Variation in Density!

As the density is having spherical symmetry, let us take an element as an infinitesimally thin hollow sphere concentric with the main sphere with radius $r$ and thickness $dr$ .
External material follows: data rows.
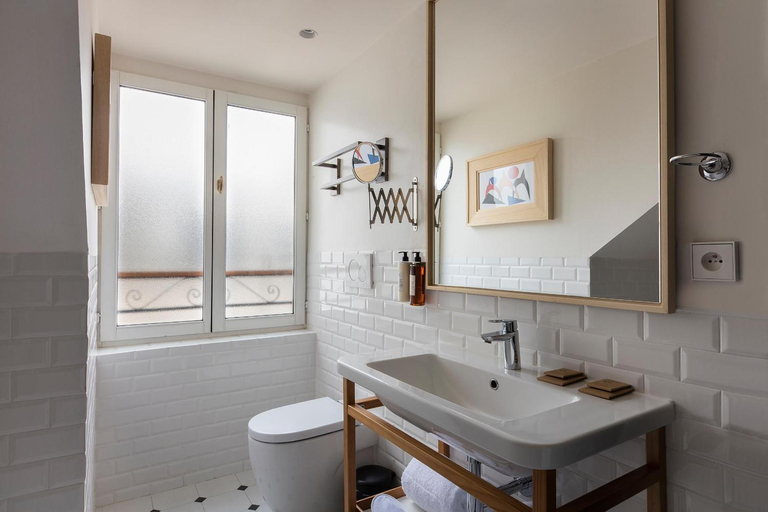 Bathroom 3, Hotel Pulitzer, Paris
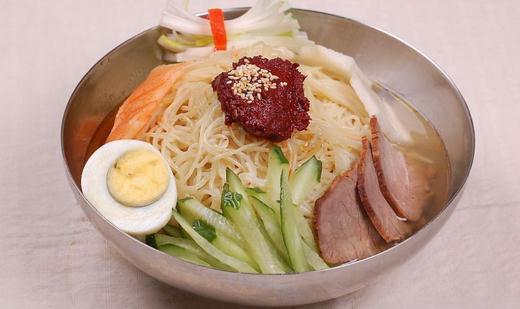 冷面是什么?传统做法与食谱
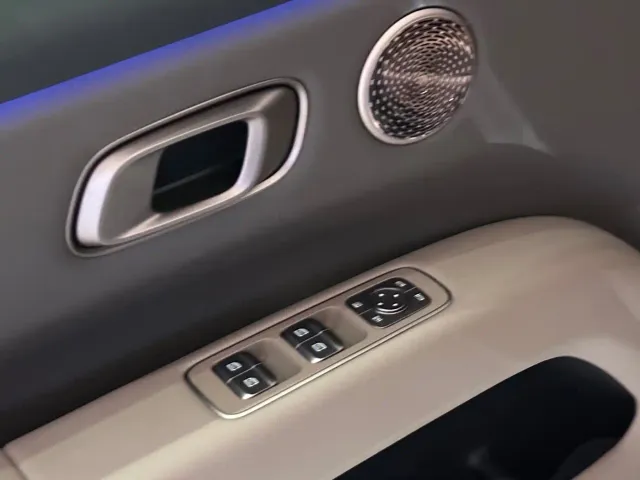 Li Auto i6 — Фото автомобиля 8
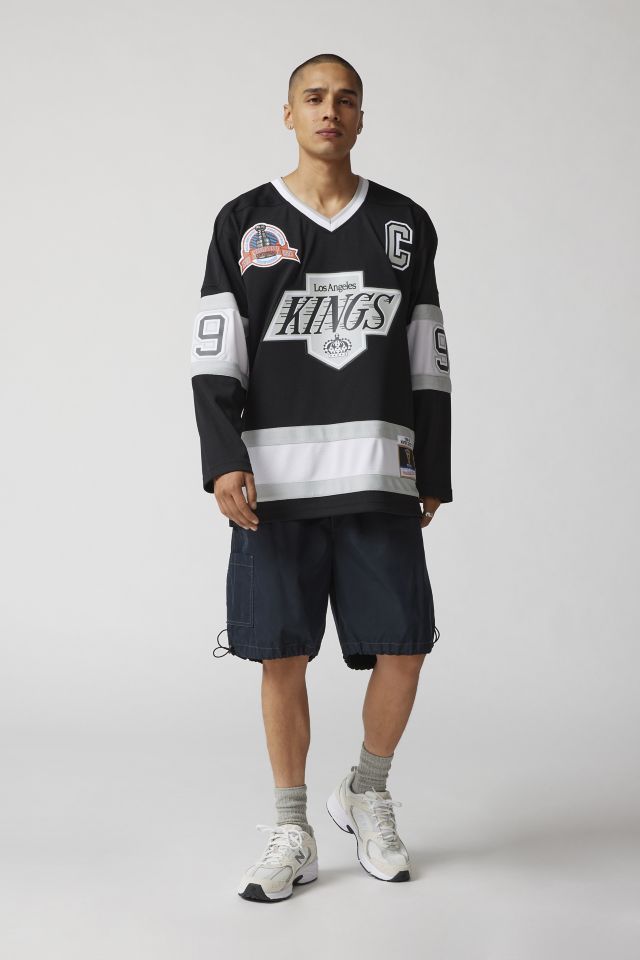 Shop Mitchell & Ness NHL Los Angeles Kings Icon Premium Wayne Gretzky Jersey  T-Shirt (black) online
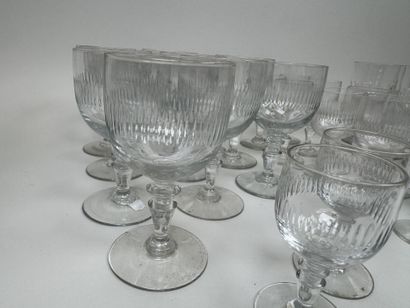 Divers verres en cristal et verre comprenant...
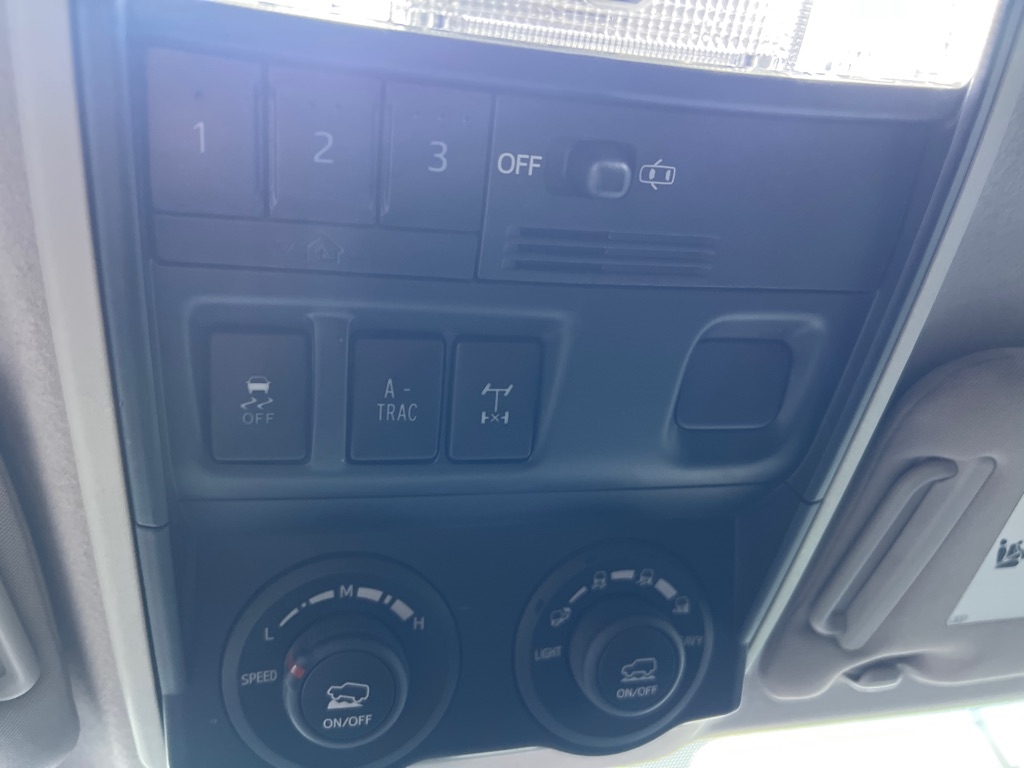 Toyota 4Runner Limited 4WD V6 2017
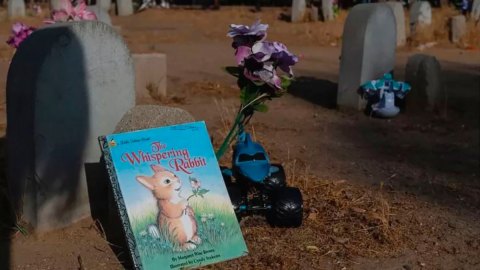 Estados Unidos reconoce más de 500 muertes en 19 escuelas para niños indígenas similares a las de Canadá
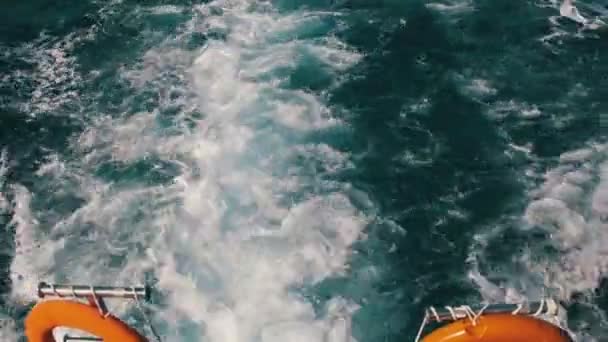 Barco está flotando en las olas y deja un rastro en el Mar Rojo — Vídeo de stock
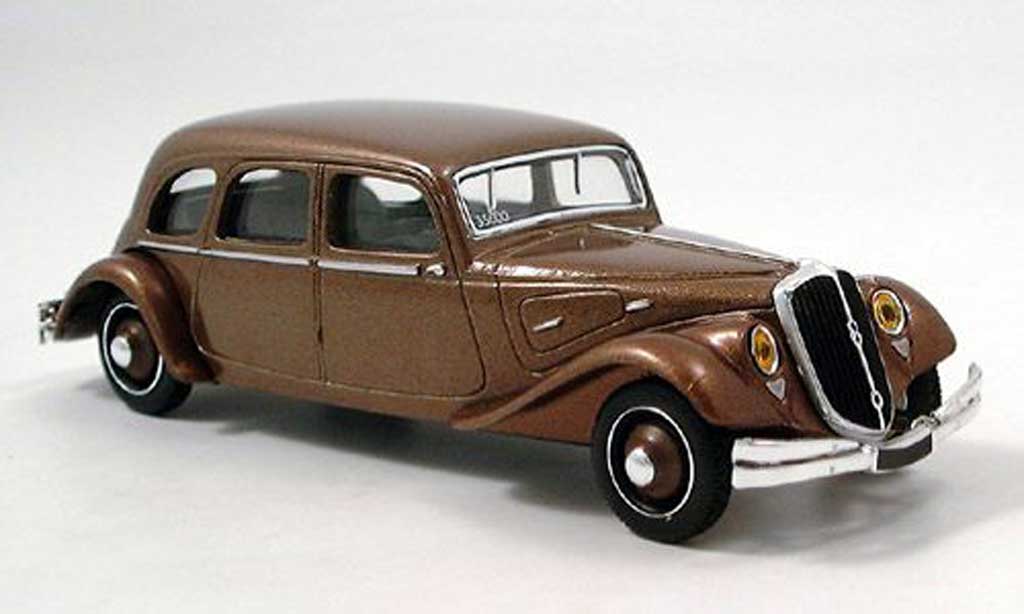 Citroen Traction 22 1/43 Norev 22 CV Familiale brun modelauto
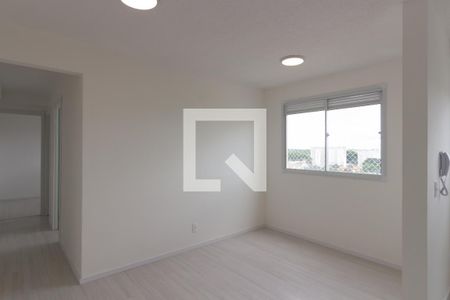 Sala de apartamento para alugar com 2 quartos, 40m² em Jardim Helian, São Paulo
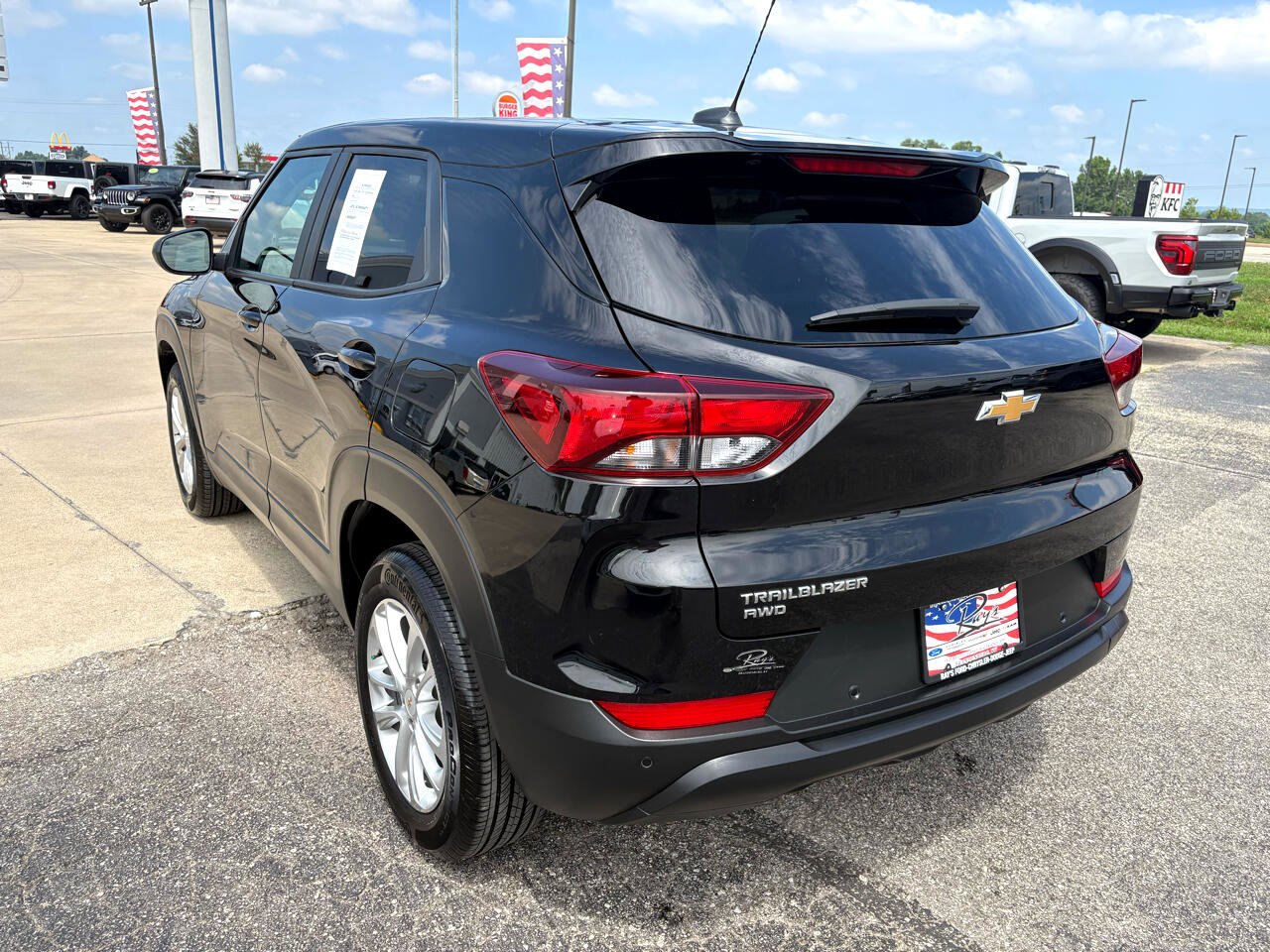 Used 2024 Chevrolet TrailBlazer LS w/ LS Convenience Package image 5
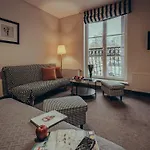 Moon Garden Old Town 4*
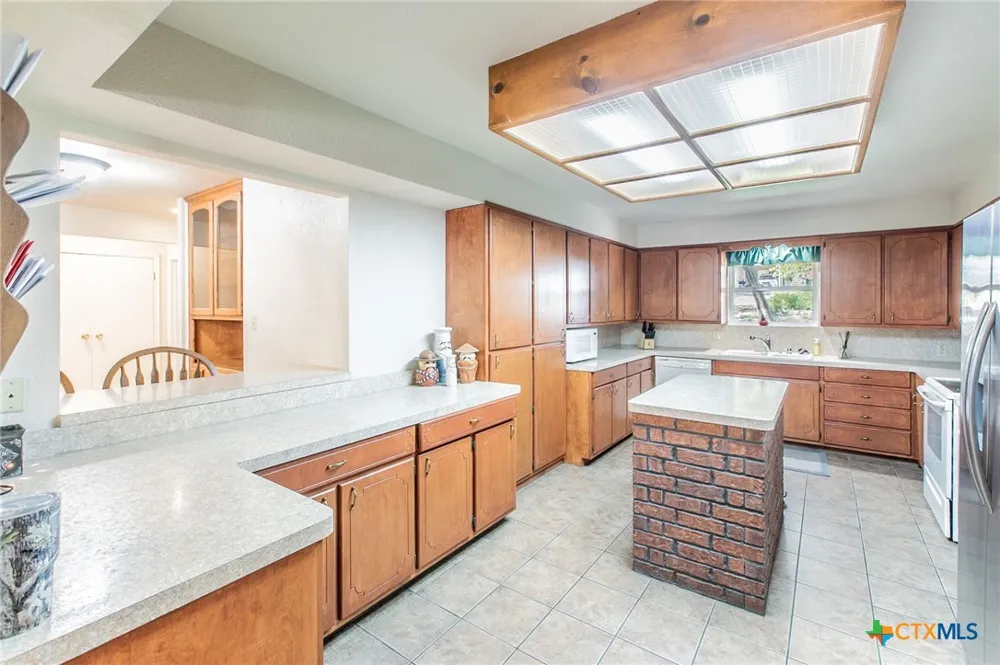 1505 Beal Street Belton, TX 76513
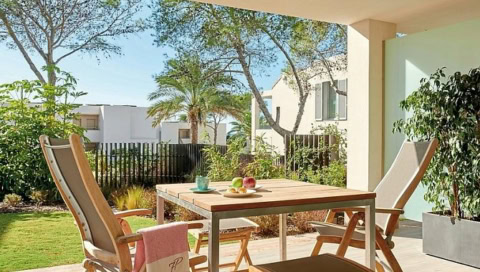 Private Terrasse mit Holztisch und Gartenblick im 7Pines Resort Ibiza – perfekt für ein Frühstück im Freien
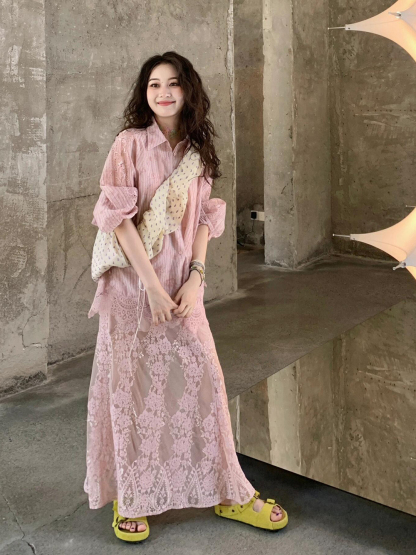 仙氣粉系｜後背鏤空蕾絲拼接襯衫+蕾絲半裙套裝｜重工小眾設計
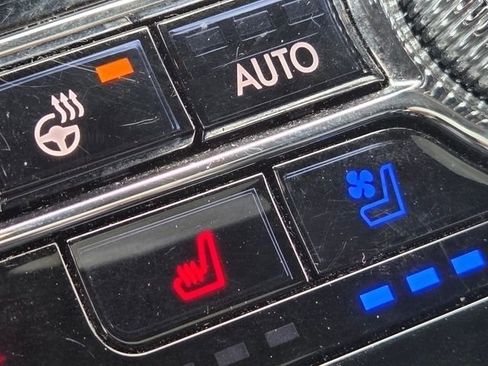 Used 2022 Lincoln Corsair AWD w/ Premium Package image 11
$\therefore dI = \dfrac{2}{3}r^2dm \hspace{3 cm} \Bigg(\because I_{\text{hollow sphere}} = \dfrac{2}{3}MR^2\Bigg)$

For the element, $dm = \rho \cdot dV = \rho \cdot 4\pi r^2dr$

$\therefore dI = \dfrac{2}{3}r^2\cdot\rho \cdot 4\pi r^2dr$

$\implies dI = \dfrac{8\pi}{3} \rho r^4 dr$

$\implies I = \dfrac{8\pi}{3\cdot 5} \displaystyle\int_{0}^{R} \rho\cdot 5r^4 dr$

$\implies I = \dfrac{8\pi}{3\cdot 5} \displaystyle\int_{0}^{R} \rho\cdot d(r^5)$

The above integral is simply the area under the graph of $\rho$ vs $r^5$ which can be easily calculated from the above graph as $\frac{1}{2}\cdot\rho\cdot R^5$

$\therefore I = \boxed{ \dfrac{4}{15}\pi \rho_0 R^5 }$